Sunday, January 10, 2010

Citation du 11 janvier 2010

La lecture est au seuil de la vie spirituelle ; elle peut nous y introduire : elle ne la constitue pas.

Marcel Proust – Sur la lecture

Pourquoi lisons-nous ? Pour le plaisir ? Pour passer un temps qui sans cela s’étirerait dans un morne ennui ? Pour rencontrer les plus grands esprits du passé ? Pour le bonheur de sentir que notre intelligence – ou notre sensibilité – se met en mouvement ?

Peut-être que la lecture nous apporte tout cela. Mais ce n’est pas cela qui importe à Proust.

Il nous demande non pas « Qu’est-ce que la lecture vous apporte ? », mais plutôt « Quand est-ce que la lecture vous apporte quelque chose ? »

Et la réponse est : la lecture commence à nous apporter quelque chose non pas quand nous lisons, mais bien quand nous refermons le livre – ou quand nos yeux quittent la page et que notre regard se perd dans le lointain.
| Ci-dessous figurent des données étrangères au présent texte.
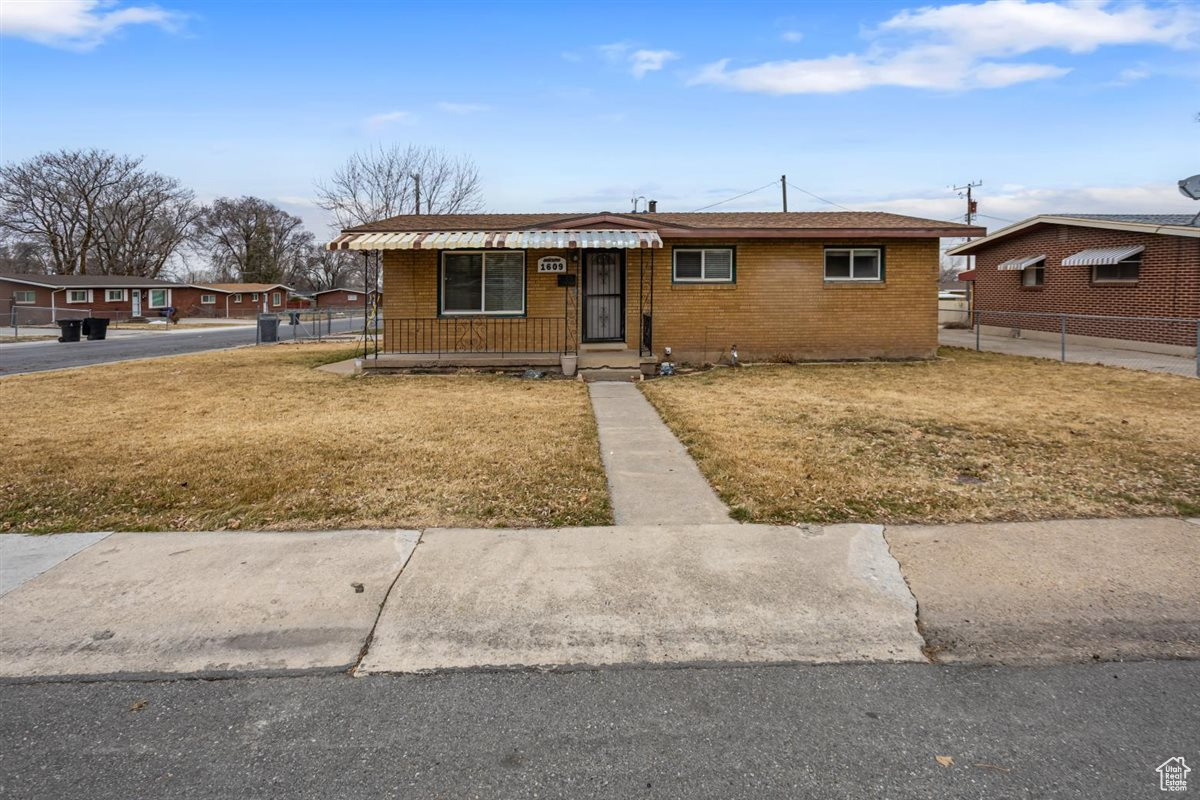 View of front of home featuring brick siding, fence, and a front yard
Il est vrai que cela ne correspond pas à toutes les lectures. Les livres qui nous apportent du plaisir sont des livres que nous dévorons parce que c’est à ce moment là principalement qu’ils sont jouissifs. Roland Barthes expliquait dans Le plaisir du texte comment le lecteur jouisseur lit en sautant les pages pour raccorder entre eux les passages dont il se délecte.

Egalement toute rêverie qui oublie la lecture en cours n’en constitue pas nécessairement un prolongement.
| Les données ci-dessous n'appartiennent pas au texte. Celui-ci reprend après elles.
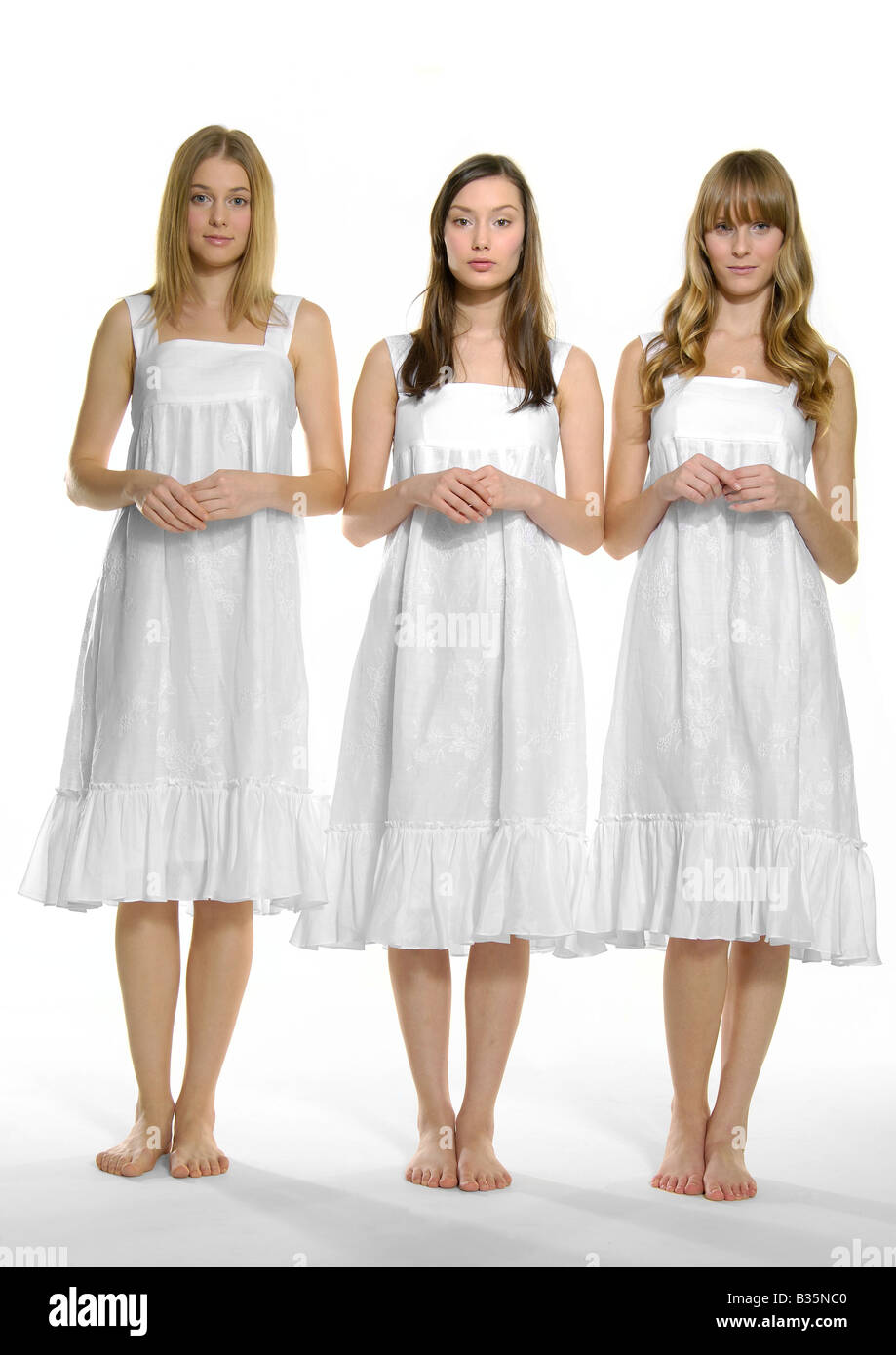 Three adults standing together hi-res stock photography and images - Alamy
Proust parle exclusivement de la vie spirituelle, sans nous dire si celle-ci relève de la spéculation ou de l’imagination. Reste qu’elle est une forme supérieure du fonctionnement de l’esprit, et que, si elle se développe au contact de la lecture, à son occasion, elle exclut l’activité de la lecture parce qu’elle requiert la totalité de la capacité cérébrale.

Ne nous y trompons pas : il ne s’agit pas d’évoquer l’effort de la lecture, comme lorsque quelqu’un vous dit qu’il ne peut en même temps lire – à haute voix par exemple – et comprendre le texte. Non. C’est plutôt que la pensée, pour être créatrice et authentique, doit se déprendre du fonctionnement de celle de l’auteur dont on lit le livre.

En tout cas, l’important dans la lecture, c’est ce qu’elle suscite quand on a refermé le livre : c’est là qu’on peut vraiment l’apprécier.

2 comments:

ilchar said...

Daniel Pennac peut nous aider à comprendre la pensée de Proust :
<< La vertu paradoxale de la lecture est de nous abstraire du monde pour lui trouver un sens.>>
Cordialement.ILCHAR

Jean-Pierre Hamel said...

- « Nous abstraire du monde pour lui trouver un sens » : pourquoi pas en effet. Il s’agirait alors d’un détour par la lecture qui nous arrache au donné immédiat pour nous y reconduire, mais cette fois selon un certain point de vue générateur de sens.
Puisqu’on en est là, j’en profite pour revenir sur l’idée qu’il faut se déprendre non seulement du monde, mais aussi du livre, pour trouver un point de rencontre à mi chemin.
L’exemple de l’homme qui reste dans sa lecture et qui prétend que le monde se trouve entre les pages de son livre, c’est Don Quichotte.
La vie spirituelle est selon moi une forme de vie où la création (intellectuelle, artistique, etc…) est absolument dominante. Lire, oui, mais lire pour inventer. Le reste c’est de « l’entertainment ».